Assignment: Only those lines in the data below from the line containing "Blic 6504-04-0065311P Wing" through the line containing "Nanotechnology Advances Regenerative", both included, should be restated word for word.

Materials provided:

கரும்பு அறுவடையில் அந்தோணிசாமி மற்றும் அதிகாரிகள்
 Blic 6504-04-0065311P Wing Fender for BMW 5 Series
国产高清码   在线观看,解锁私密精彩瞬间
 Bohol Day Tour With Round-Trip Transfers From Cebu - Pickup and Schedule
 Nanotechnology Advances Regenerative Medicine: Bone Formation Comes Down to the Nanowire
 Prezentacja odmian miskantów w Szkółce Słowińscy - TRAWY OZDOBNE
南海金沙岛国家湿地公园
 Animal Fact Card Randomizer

Reply:
 Blic 6504-04-0065311P Wing Fender for BMW 5 Series
国产高清码   在线观看,解锁私密精彩瞬间
 Bohol Day Tour With Round-Trip Transfers From Cebu - Pickup and Schedule
 Nanotechnology Advances Regenerative Medicine: Bone Formation Comes Down to the Nanowire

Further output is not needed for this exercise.